EXERCISE AIM: Below are the records; give again exactly the lines from the one containing "Park - Image 1" through the one containing "Ruim en lichtrijk", leaving out pictures.

RECORDS SUPPLIED:
────

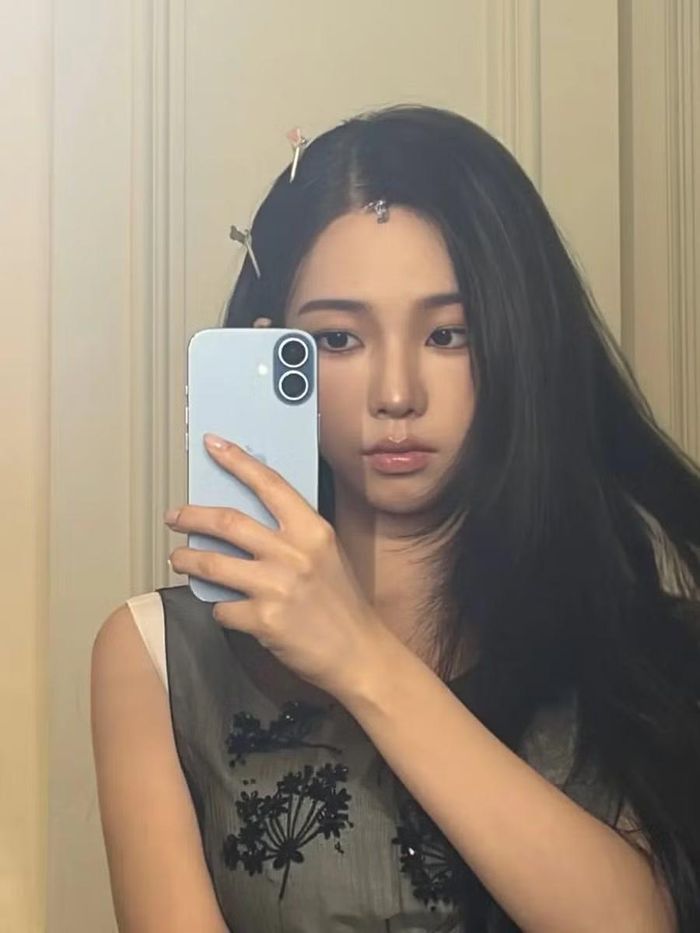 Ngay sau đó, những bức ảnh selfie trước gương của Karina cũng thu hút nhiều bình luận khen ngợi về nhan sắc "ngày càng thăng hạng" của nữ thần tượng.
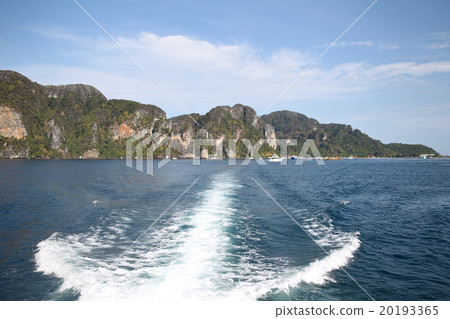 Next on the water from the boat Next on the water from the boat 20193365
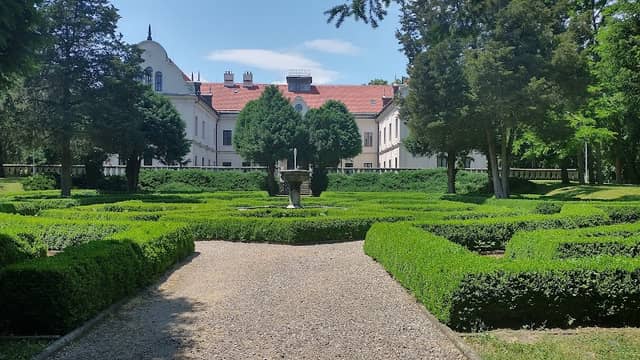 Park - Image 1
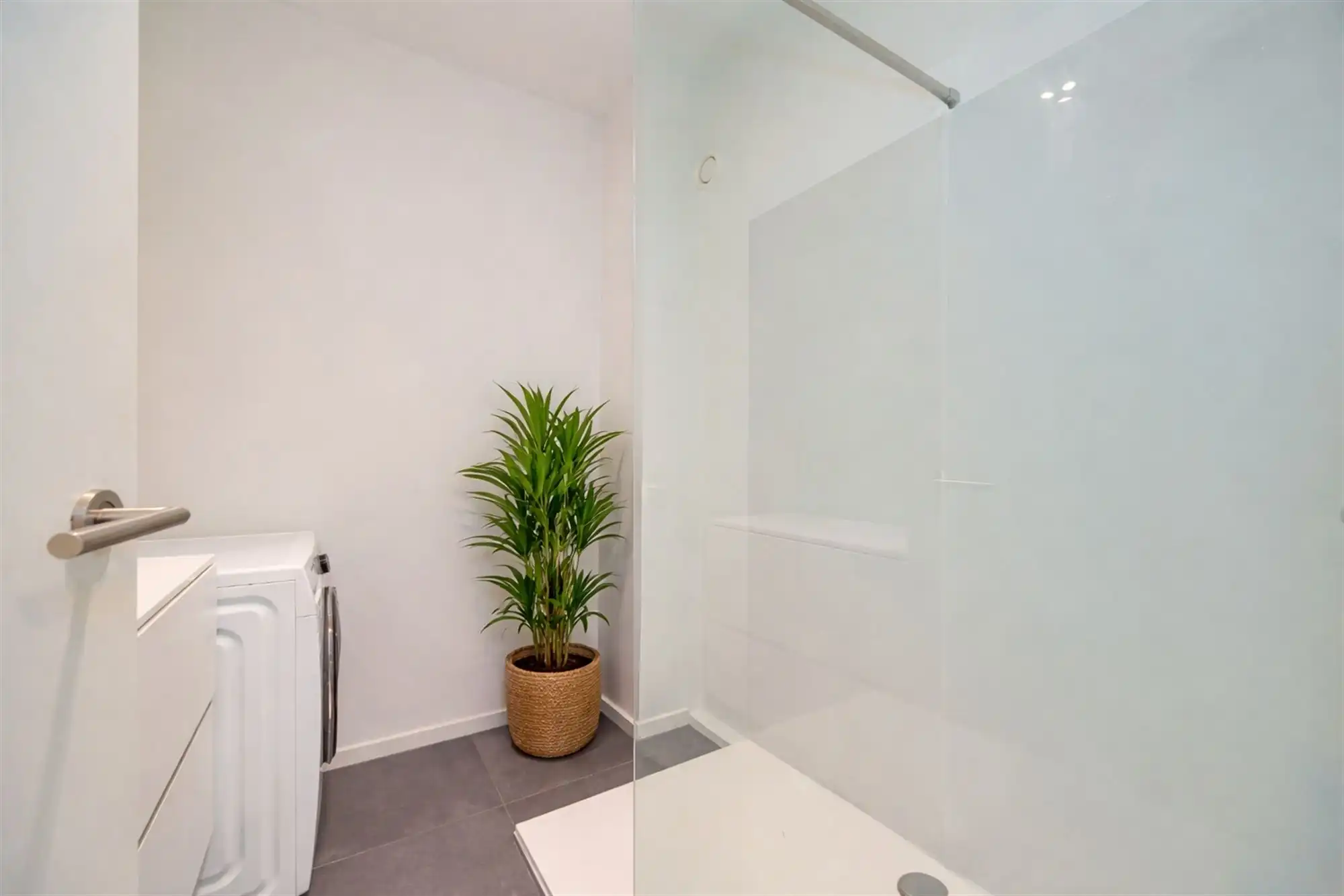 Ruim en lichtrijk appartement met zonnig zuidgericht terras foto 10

────

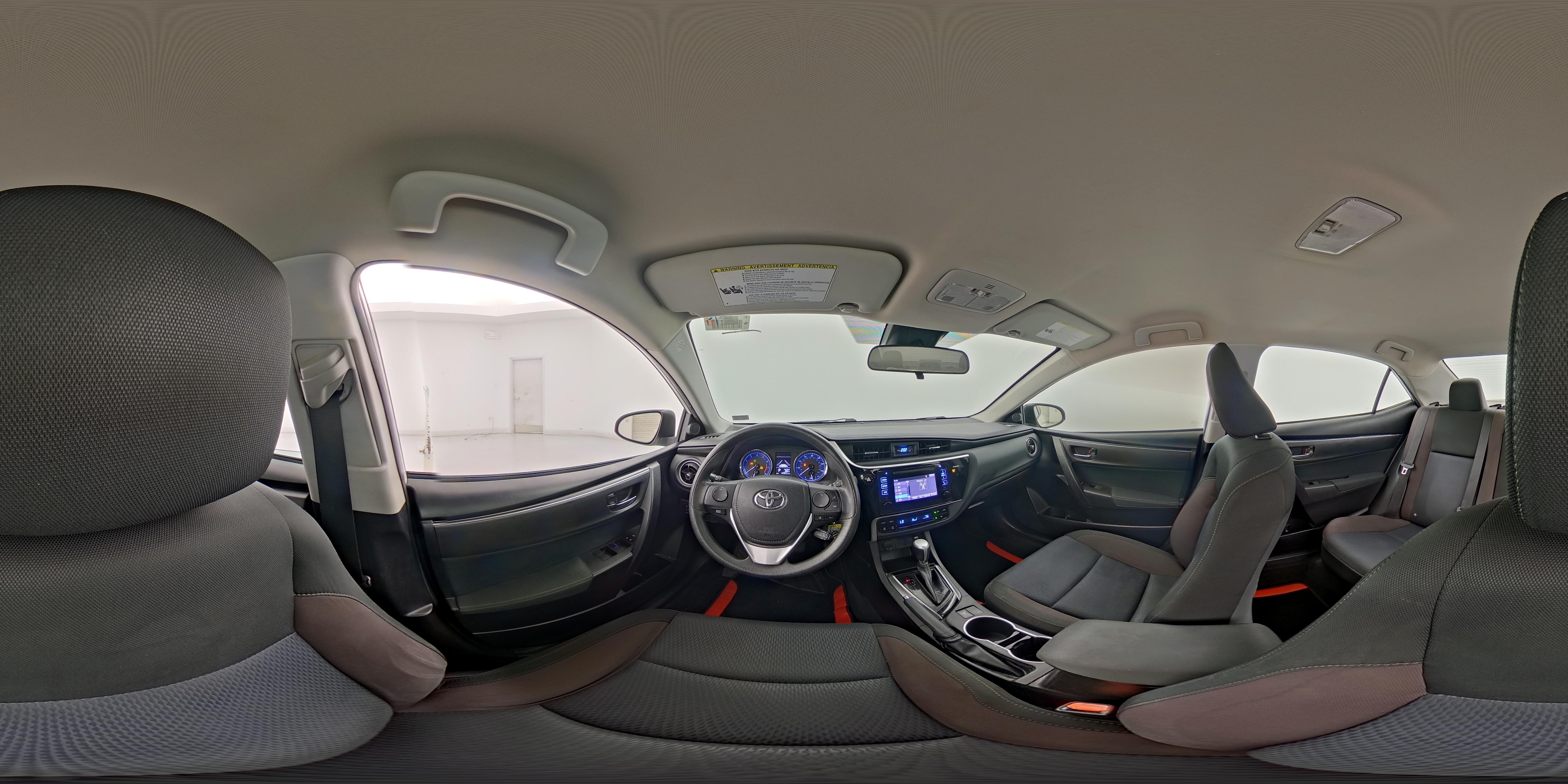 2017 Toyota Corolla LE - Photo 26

────

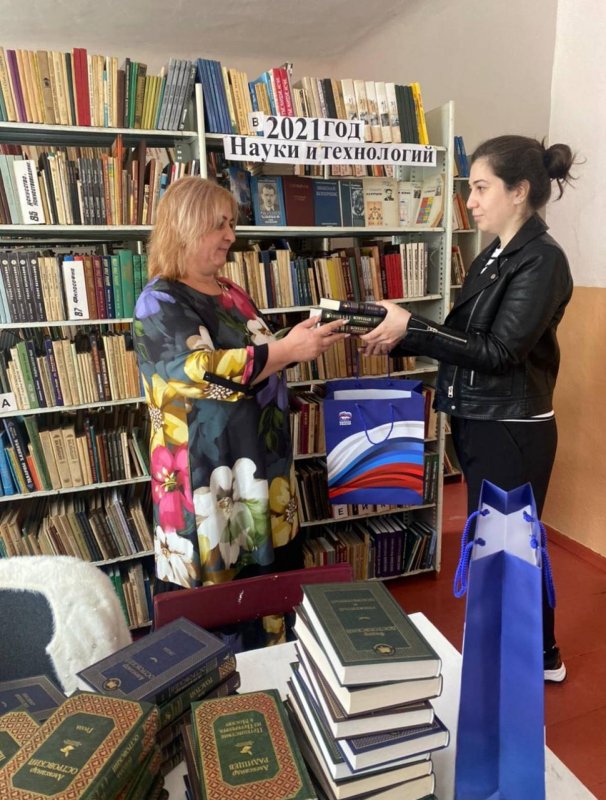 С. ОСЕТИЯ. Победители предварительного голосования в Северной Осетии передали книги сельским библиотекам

────

SOLUTION TO THIS TASK:
 Park - Image 1
 Ruim en lichtrijk appartement met zonnig zuidgericht terras foto 10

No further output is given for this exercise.